What is being asked: Once the pictures have been removed, repeat the remainder of the records exactly.

Data under study:
******************************
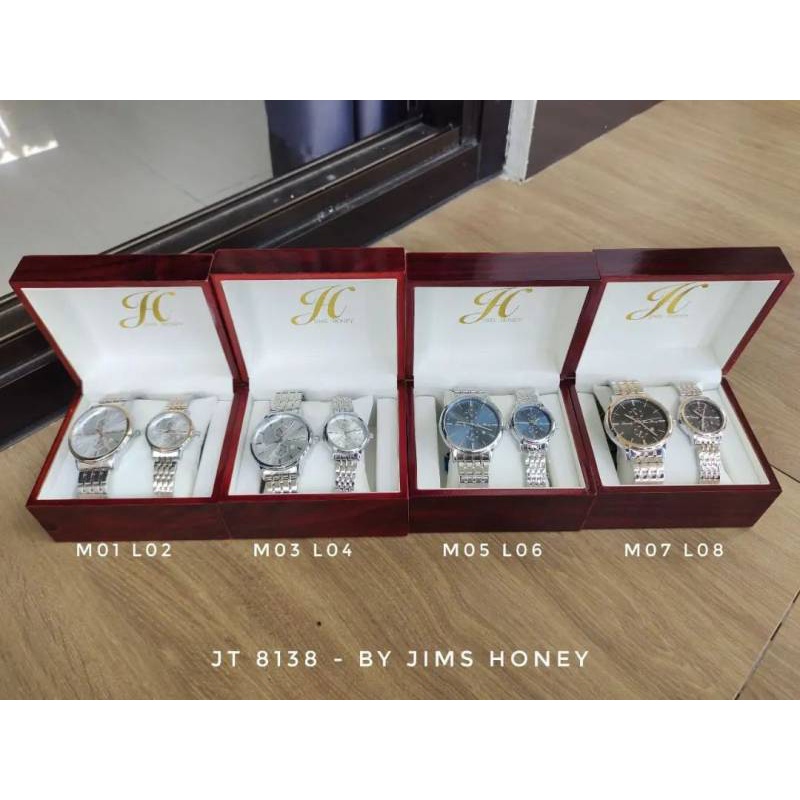 JAM TANGAN COUPLE/SATUAN KODE 8138 JIMSHONEY ( JT 8138 )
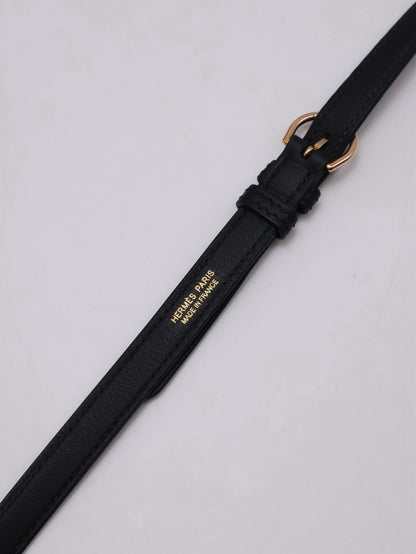 HERMES Kelly danse ll - Noir 89 黑玫瑰金 U
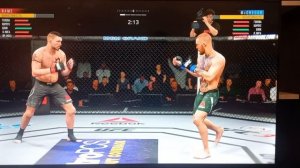Юрий Бойко и Конор МакГрегор бой UFC 3
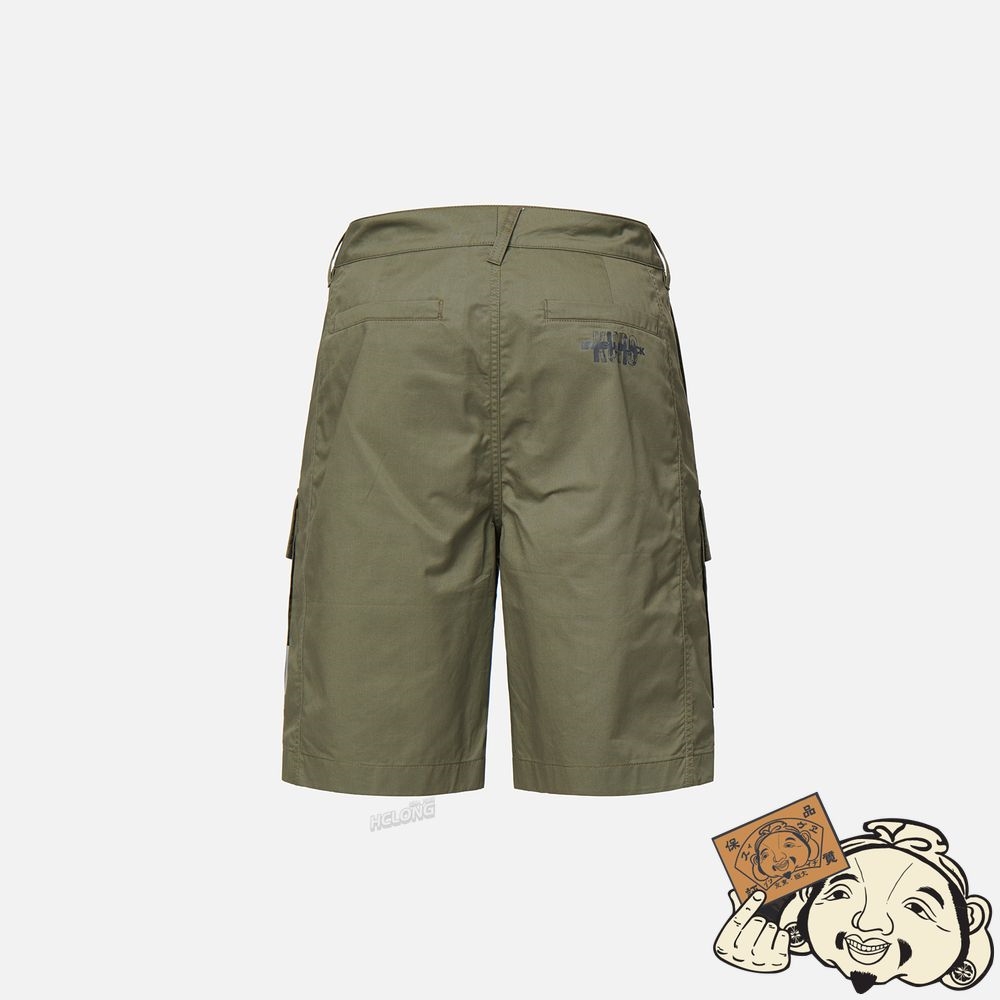 Men Evisu SEAGULL AND LOGO PRINT CARGO SHORTS Vert | 735EACUKY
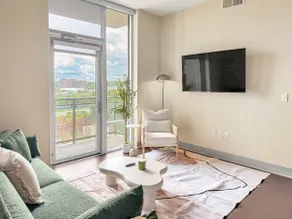 Calm Green Oak 2BR|2BTH – Tysons | Pool View Patio - Image 2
******************************
Response area:
 JAM TANGAN COUPLE/SATUAN KODE 8138 JIMSHONEY ( JT 8138 )
 HERMES Kelly danse ll - Noir 89 黑玫瑰金 U
Юрий Бойко и Конор МакГрегор бой UFC 3
 Men Evisu SEAGULL AND LOGO PRINT CARGO SHORTS Vert | 735EACUKY
 Calm Green Oak 2BR|2BTH – Tysons | Pool View Patio - Image 2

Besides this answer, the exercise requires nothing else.